Empirical Questions
Topic for 1/5. Slides
Data science should begin with clarity about what questions data can (and cannot) answer. The questions data science can most directly answer are empirical questions, which involve quantities that could (at least hypothetically) be measured in the world. Empirical questions include:
- What proportion of U.S. adults were employed last month?
- What is the median household income in the U.S.?
- To what degree would employment and median household income increase if we adopted a tax policy to incentivize hiring?
Empirical questions: Descriptive and causal
This class will focus on two categories of empirical questions. Descriptive questions describe the world as it is. The first two questions above are descriptive: they summarize the proportion employed and the median household income. If we everyone would tell us their employment and income, we could estimate these quantities directly.

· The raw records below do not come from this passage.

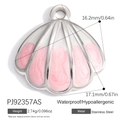 Waterproof stainless steel shell pendant with pink glitter enamel for jewelry DIY - Pink Shell (PJ92357AS)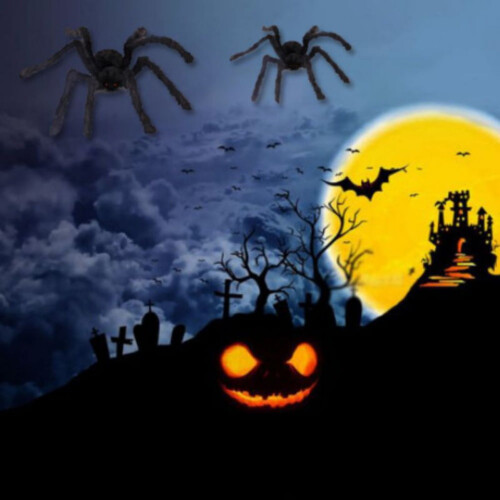 Halloween spider decoration black hairy with red eyes 1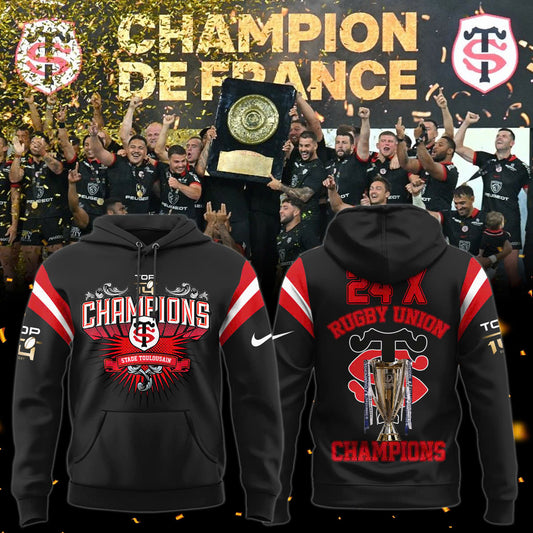 Stade Toulousain Champions 2025 Back To Back To Back Hoodie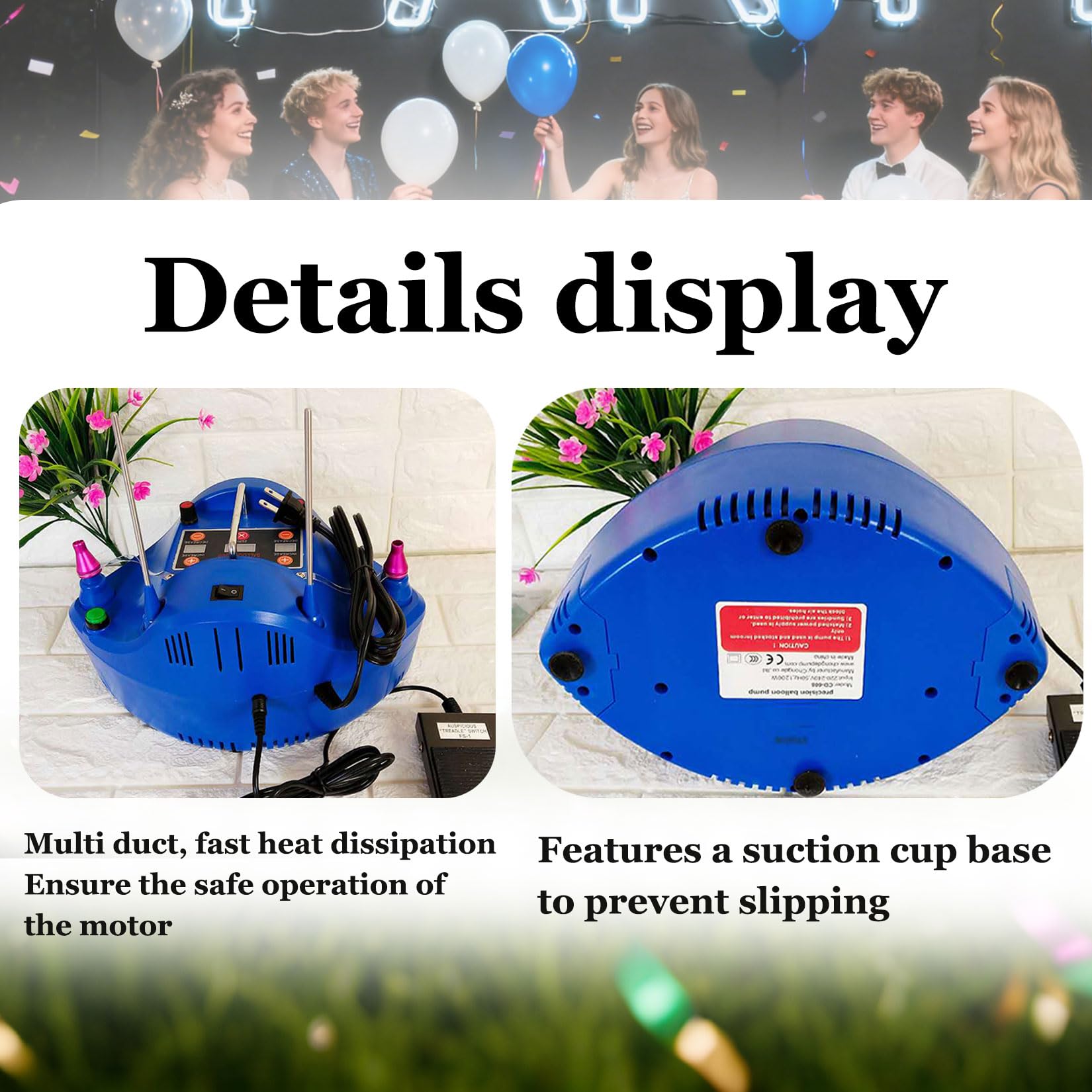 Bomba Eléctrica para Globos,Portátil,Bomba De Inflador De Globo Inflador Cuantitativo,Doble Boquilla,with Foot Pedal,para Fiesta, Boda, Cumpleaños,Decoración de Festivales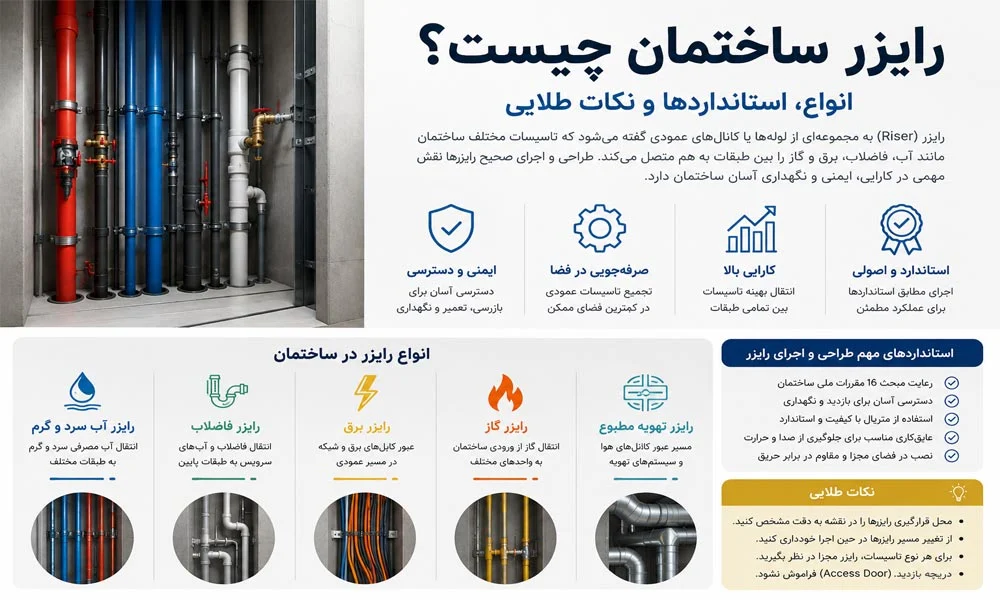 رایزر ساختمان چیست؟ انواع، استانداردها و نکات طلایی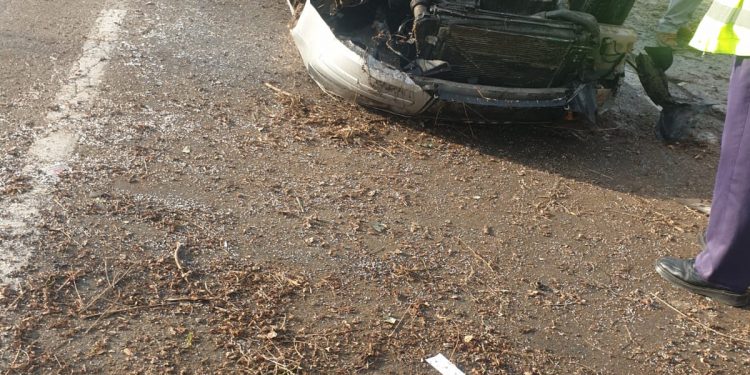 DN 73C, Valea Iaşului, accident uşor, cu un auto răsturnat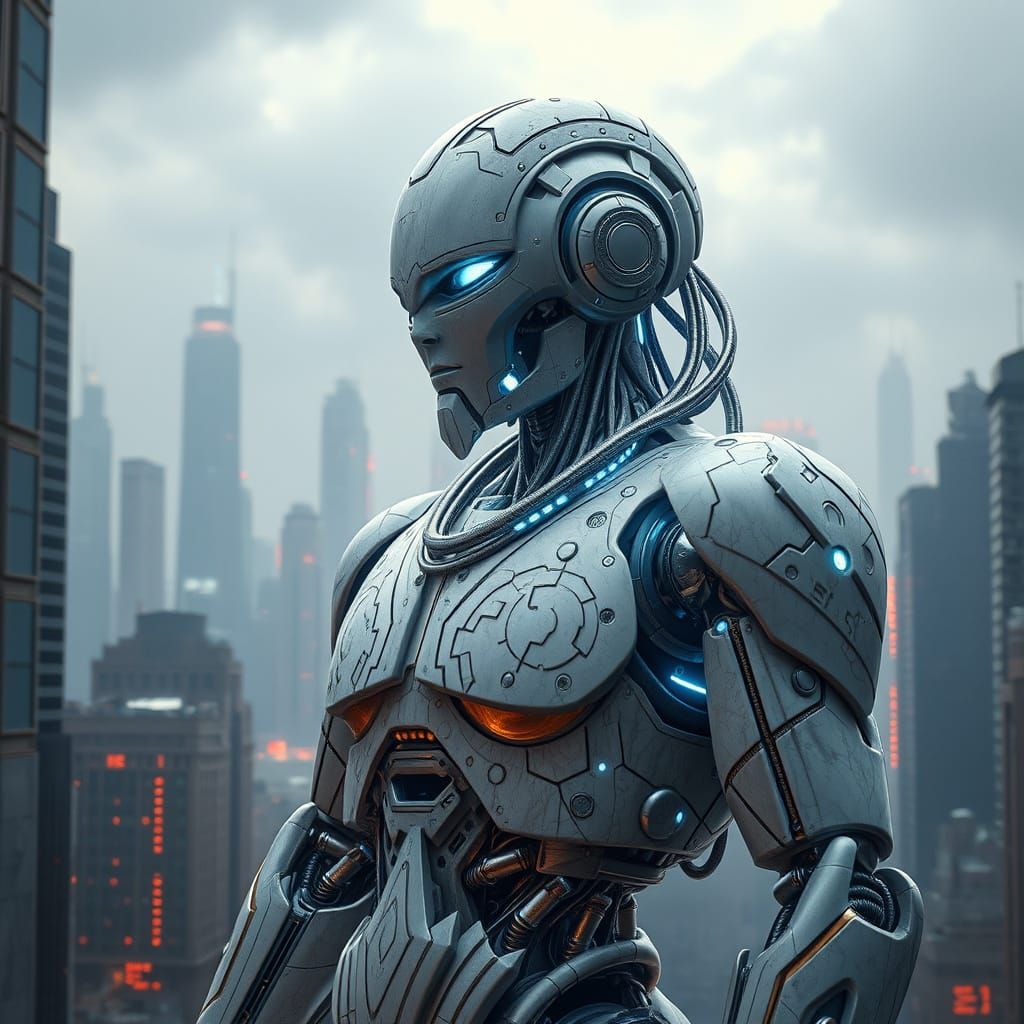 Cyberpunk Robot Statue in Futuristic Metropolis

Causal questions involve counterfactual outcomes that do not exist, but would be realized if some aspect of the world were different in a specific way. The third question above is causal because it involves a counterfactual state of the world: what would happen if a new tax policy were implemented.
Non-empirical questions
Other questions are not empirical. One common category of non-empirical questions is normative questions that involve a judgment about what is right or what ought to be. Normative questions include:
- The median household income in the U.S. is too low.
- The U.S. should address inequality with the policies common in Sweden.
Data alone cannot answer non-empirical questions. It is impossible to prove with data that the median household income is too low, for example. You might personally believe that it is too low, and your own subjective beliefs might motivate your analysis. If you want to convince people that median incomes are too low, you might answer empirical questions about the median income and the median value of various costs such as rent, educational expenses, and food. Data science provides empirical answers to these questions. But data science stops short of value judgments about the results.
This class takes inequality as a motivating class of examples. Inequality is a topic for which many people bring normative commitments. As a scholar of inequality, you might hope that your objective evidence might spur people to action to promote equality and fairness. Our own normative commitments are often a good motivator for new empirical investigations. But for the credibility of the analysis it is also important to keep normative judgments separate from empirical claims. The most credible data science claims are precise and focus on the questions that data can most directly answer.